___ TASK INPUT ___

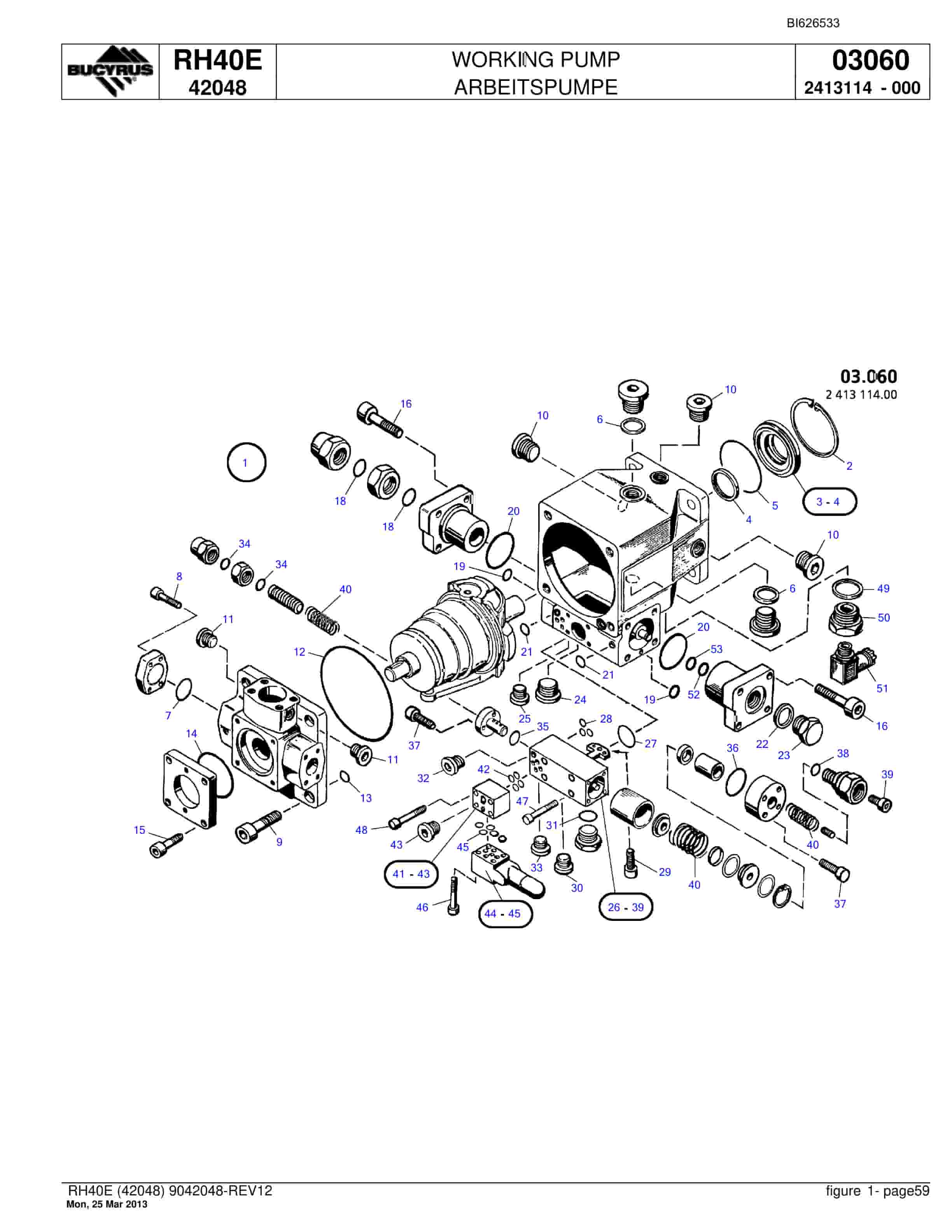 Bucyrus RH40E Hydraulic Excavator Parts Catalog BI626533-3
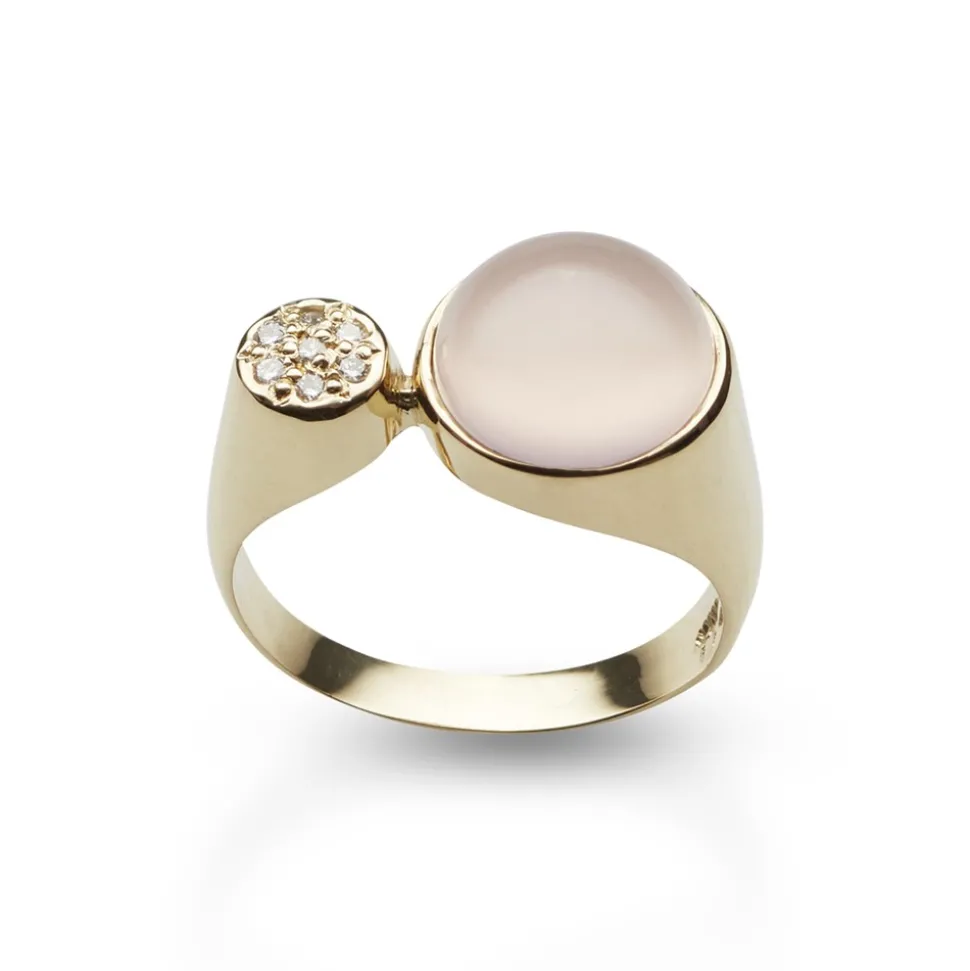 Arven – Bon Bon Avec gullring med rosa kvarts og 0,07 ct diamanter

___
___ TASK INPUT ___

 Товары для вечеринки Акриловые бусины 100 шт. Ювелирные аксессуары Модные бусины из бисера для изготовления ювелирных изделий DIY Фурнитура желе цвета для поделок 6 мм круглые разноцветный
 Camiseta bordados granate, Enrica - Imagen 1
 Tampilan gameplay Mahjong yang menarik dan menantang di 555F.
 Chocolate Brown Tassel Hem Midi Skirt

___
___ TASK INPUT ___

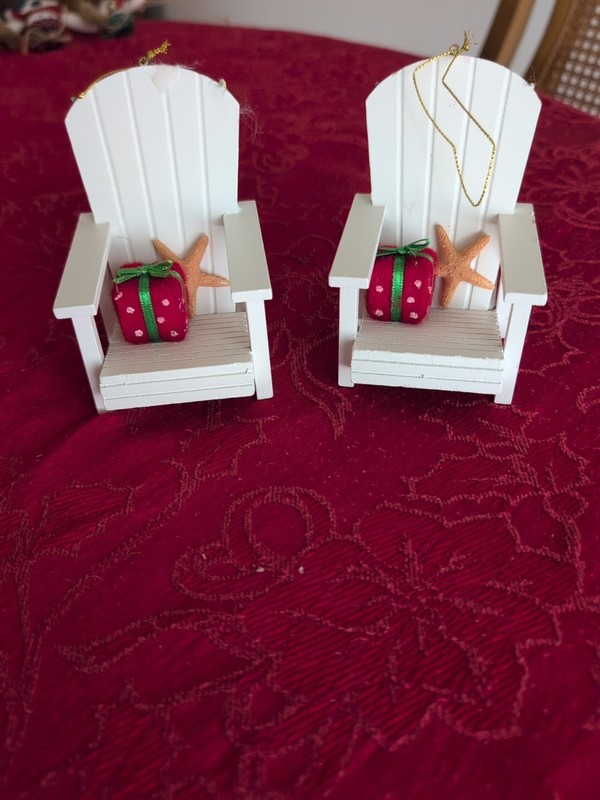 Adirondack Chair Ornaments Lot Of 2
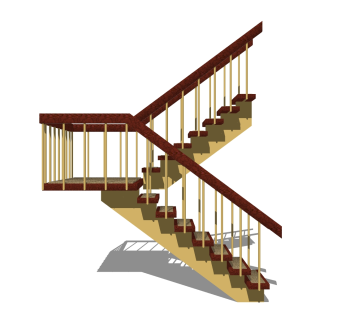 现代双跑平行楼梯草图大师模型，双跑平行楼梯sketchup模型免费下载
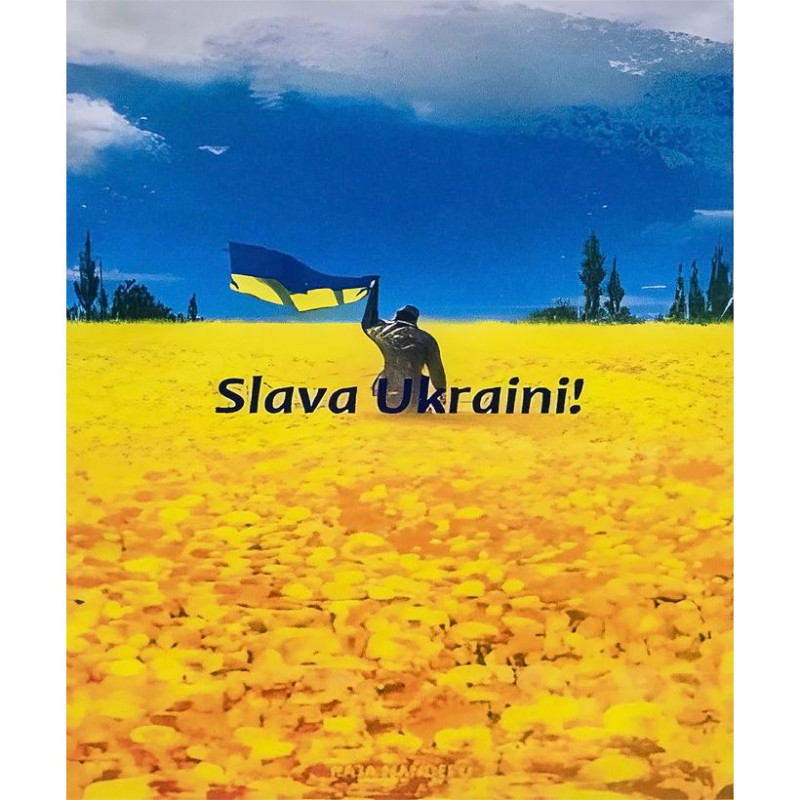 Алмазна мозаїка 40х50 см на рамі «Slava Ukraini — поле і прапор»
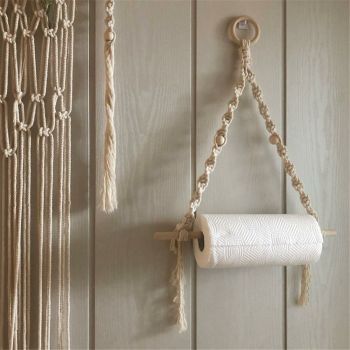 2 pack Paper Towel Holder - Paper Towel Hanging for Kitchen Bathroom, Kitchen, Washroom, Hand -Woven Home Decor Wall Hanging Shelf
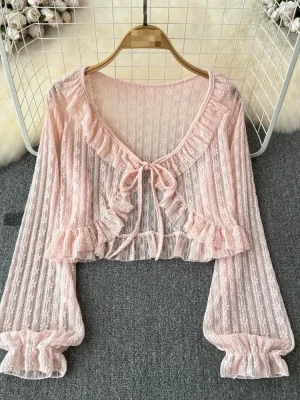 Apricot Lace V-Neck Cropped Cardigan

___

**YOUR GOAL**.
In the listing above, find the line with "Товары для вечеринки" and the line with "Chocolate Brown Tassel Hem Midi Skirt", then print exactly those two lines and every line between them, and nothing more.

**SOLUTION FOR THIS PROBLEM**.
 Товары для вечеринки Акриловые бусины 100 шт. Ювелирные аксессуары Модные бусины из бисера для изготовления ювелирных изделий DIY Фурнитура желе цвета для поделок 6 мм круглые разноцветный
 Camiseta bordados granate, Enrica - Imagen 1
 Tampilan gameplay Mahjong yang menarik dan menantang di 555F.
 Chocolate Brown Tassel Hem Midi Skirt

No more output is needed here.